The lines below, from the one containing "Der brandneue Mazda" through the one containing "2015 TOYOTA HIGHLANDER LE", should be set down exactly, with no pictures and nothing else.

PROVIDED RECORDS:
#####
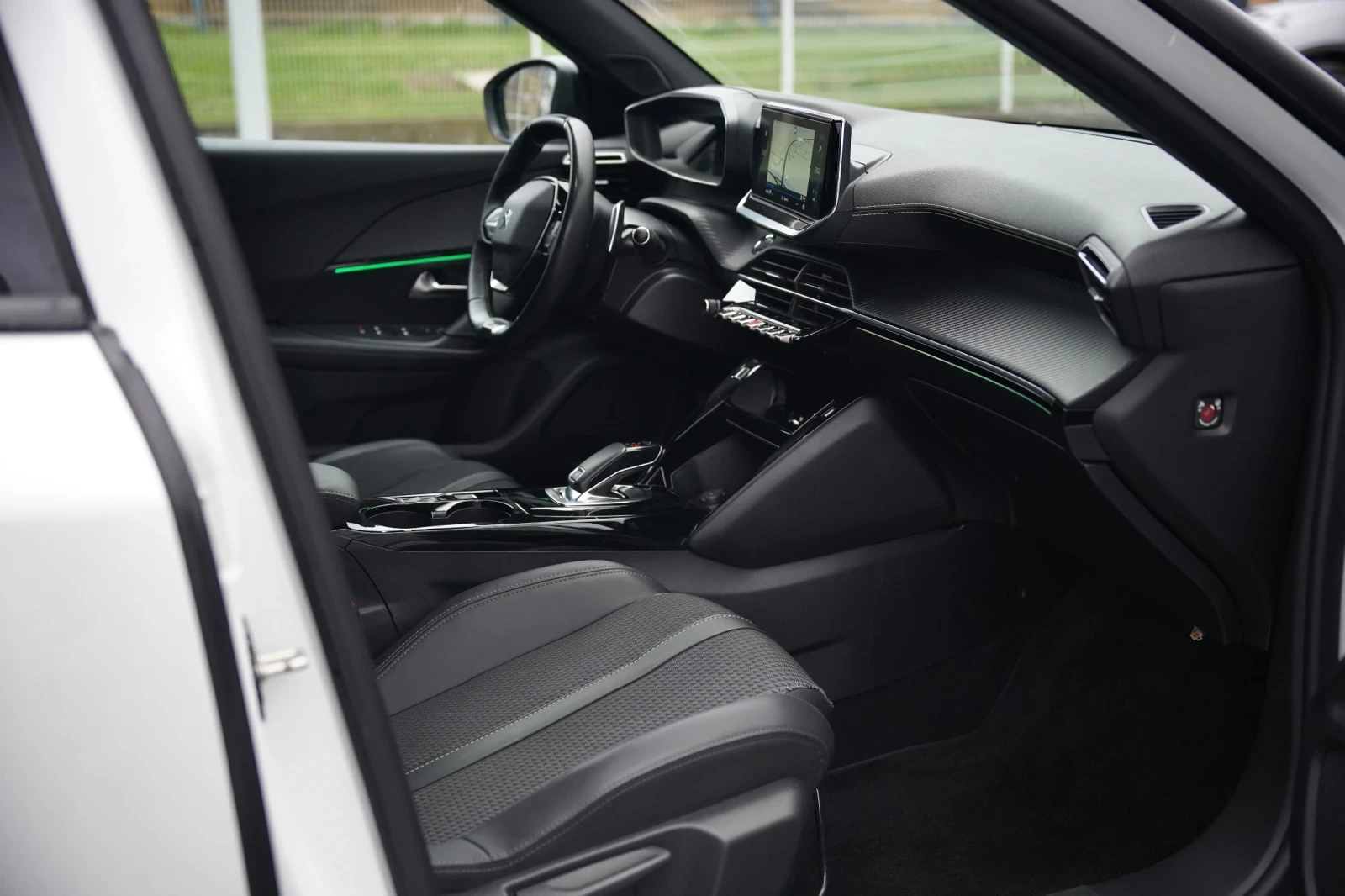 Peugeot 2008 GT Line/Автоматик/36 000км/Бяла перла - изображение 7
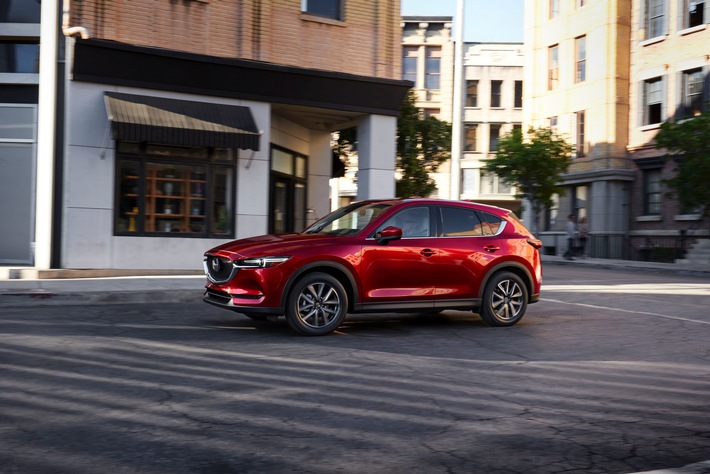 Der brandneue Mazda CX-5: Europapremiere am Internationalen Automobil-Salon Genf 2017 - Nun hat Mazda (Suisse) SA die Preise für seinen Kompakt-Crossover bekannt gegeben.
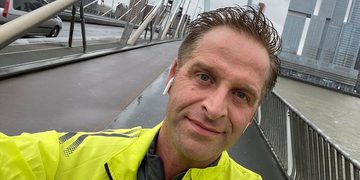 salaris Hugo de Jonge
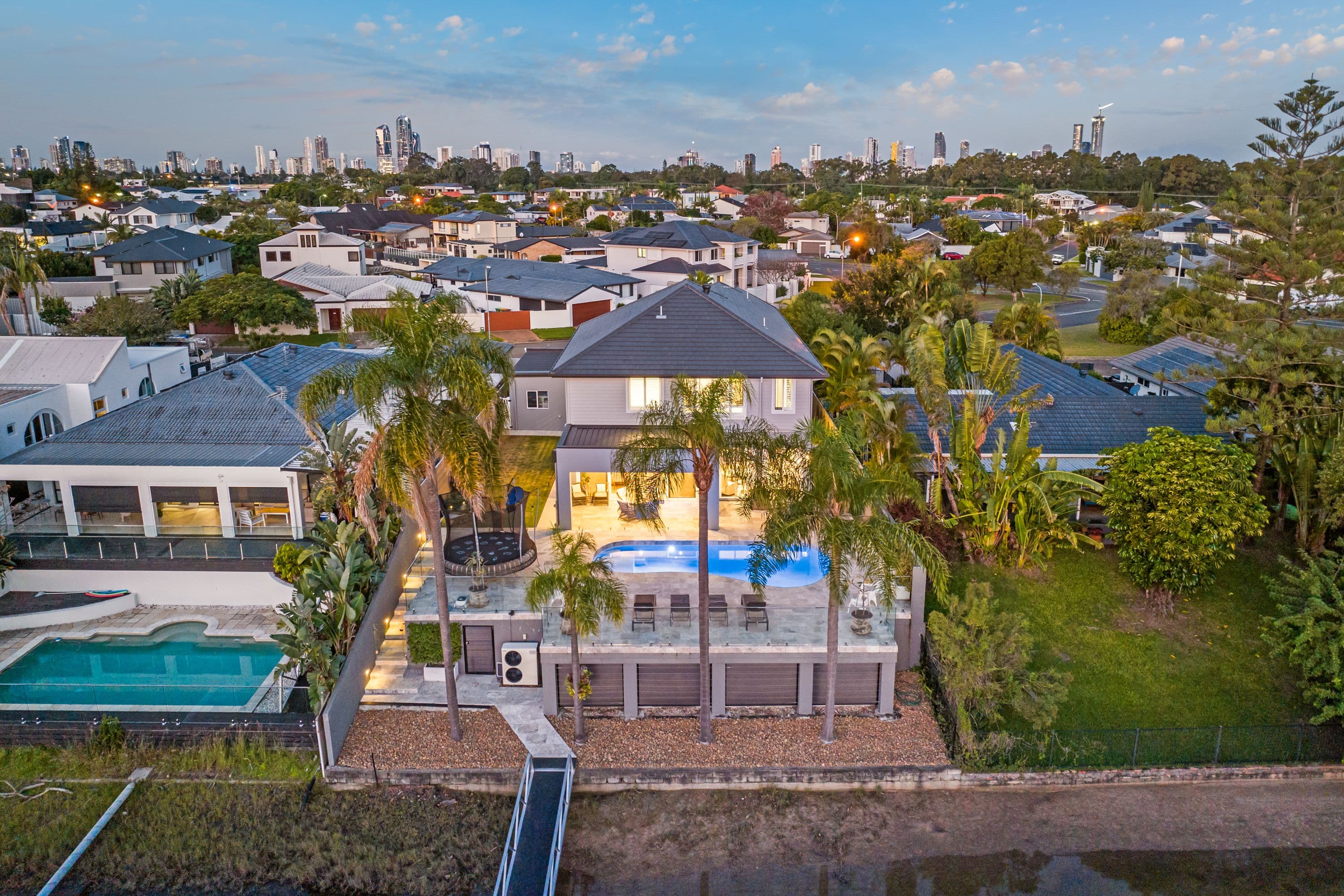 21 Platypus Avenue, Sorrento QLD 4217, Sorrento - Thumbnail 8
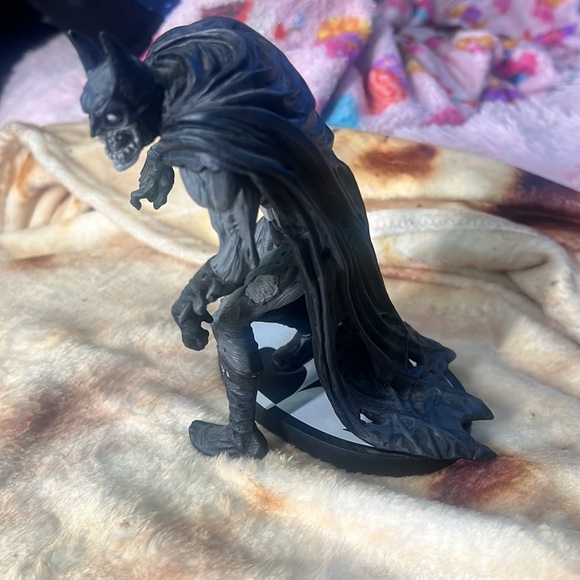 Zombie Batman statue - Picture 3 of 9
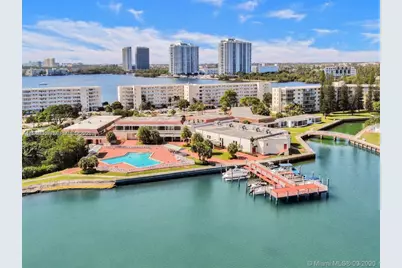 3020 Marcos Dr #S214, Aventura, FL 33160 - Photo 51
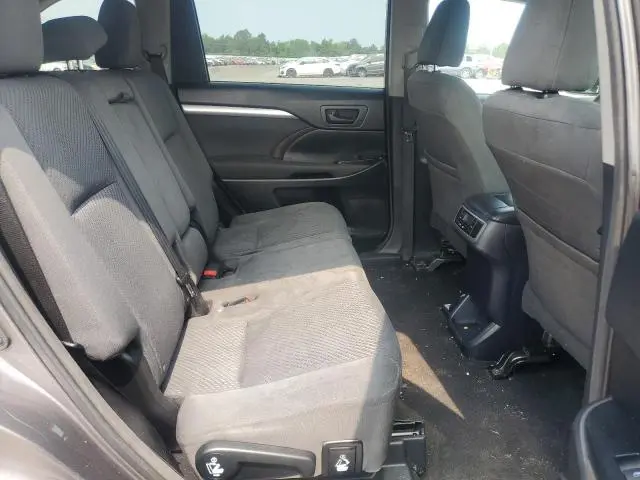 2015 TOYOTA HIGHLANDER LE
#####
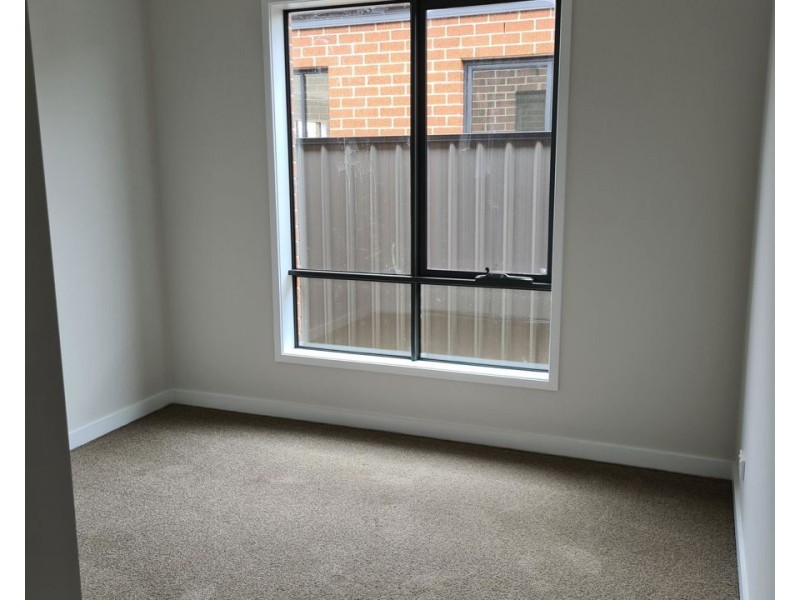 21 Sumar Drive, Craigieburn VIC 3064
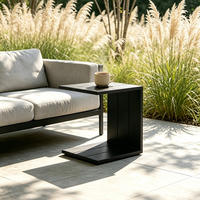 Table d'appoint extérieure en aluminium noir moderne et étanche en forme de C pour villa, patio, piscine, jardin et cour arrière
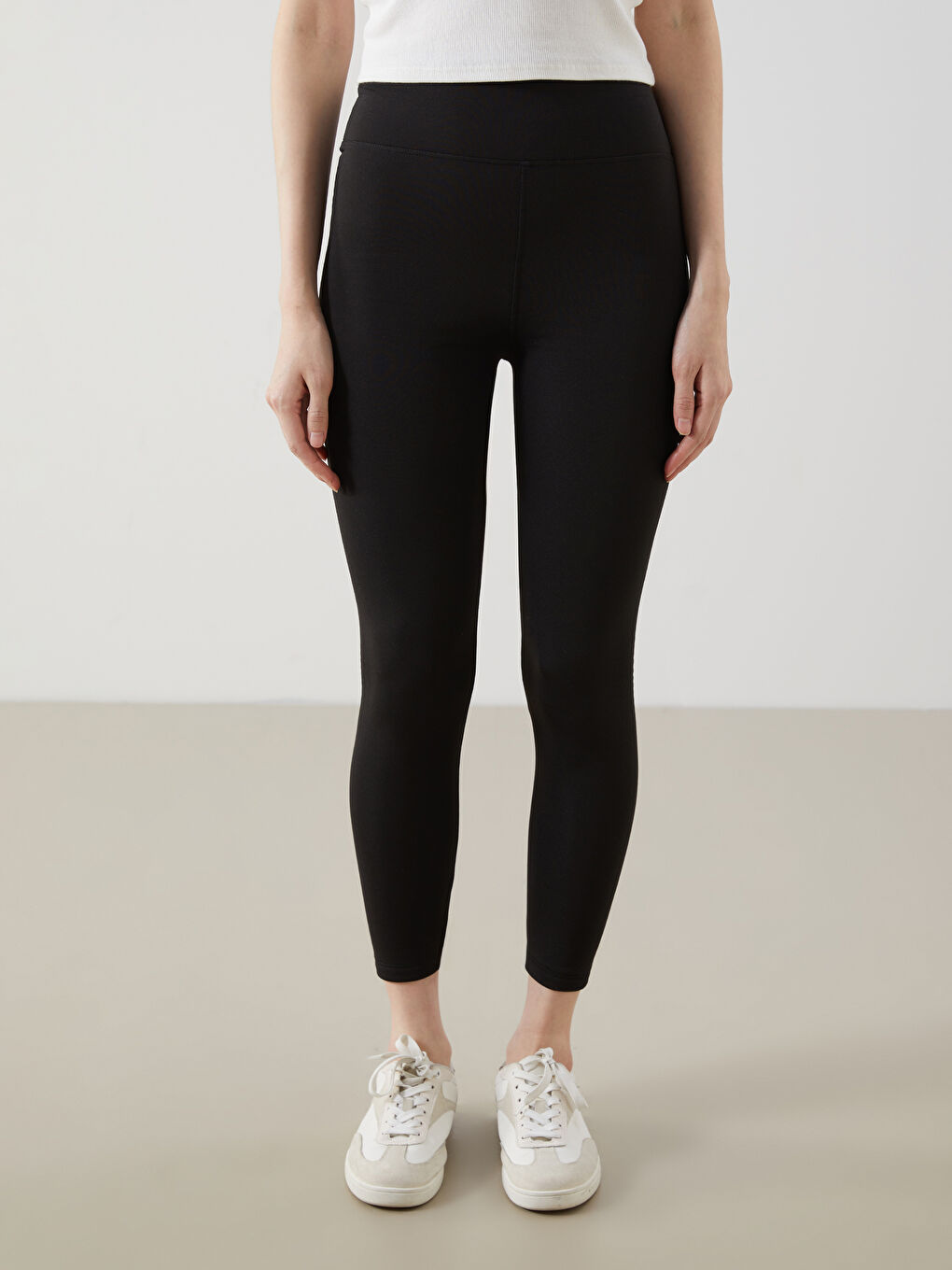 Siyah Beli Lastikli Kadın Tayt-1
#####
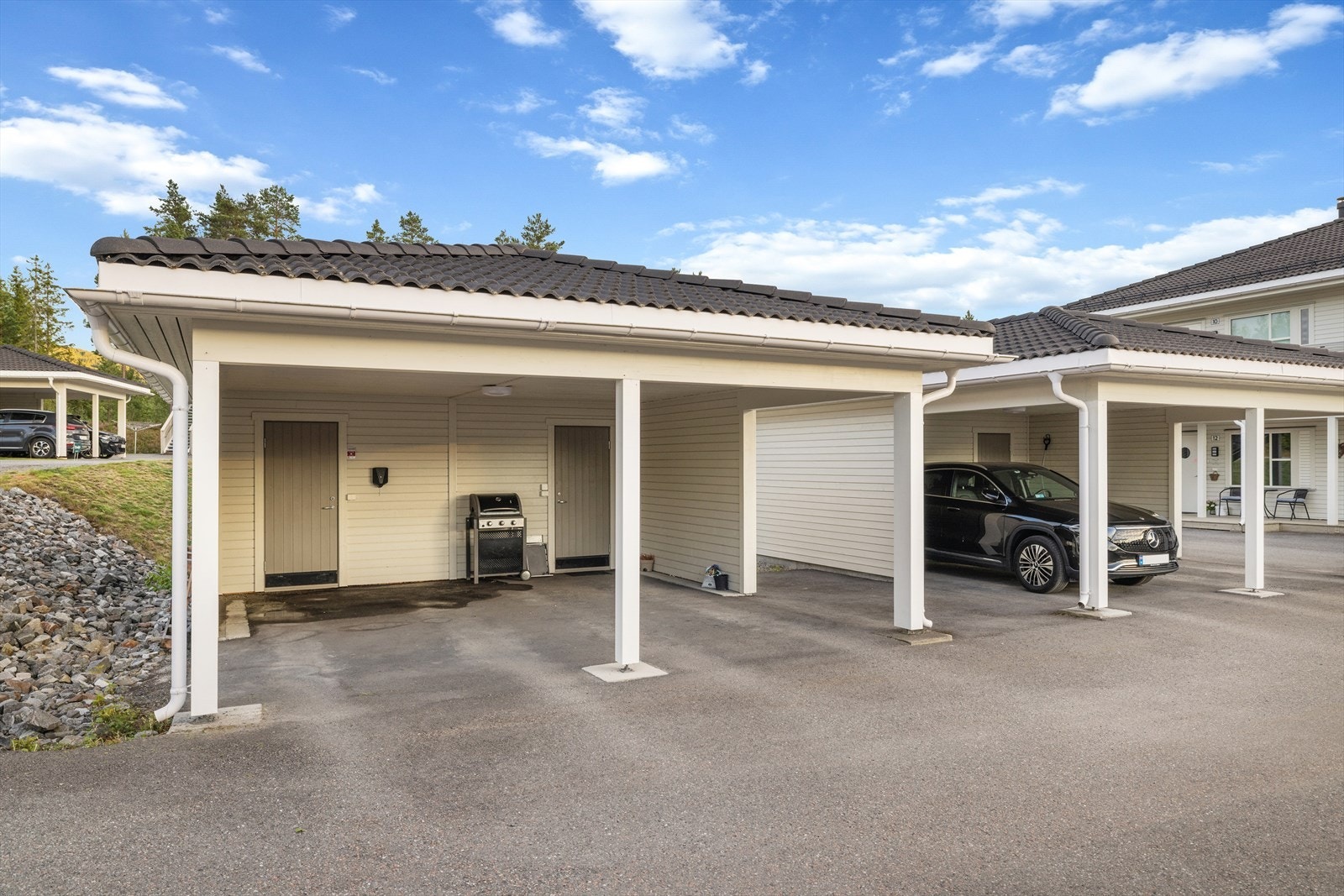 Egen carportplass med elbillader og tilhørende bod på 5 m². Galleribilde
#####
TASK SOLUTION:
 Der brandneue Mazda CX-5: Europapremiere am Internationalen Automobil-Salon Genf 2017 - Nun hat Mazda (Suisse) SA die Preise für seinen Kompakt-Crossover bekannt gegeben.
 salaris Hugo de Jonge
 21 Platypus Avenue, Sorrento QLD 4217, Sorrento - Thumbnail 8
 Zombie Batman statue - Picture 3 of 9
 3020 Marcos Dr #S214, Aventura, FL 33160 - Photo 51
 2015 TOYOTA HIGHLANDER LE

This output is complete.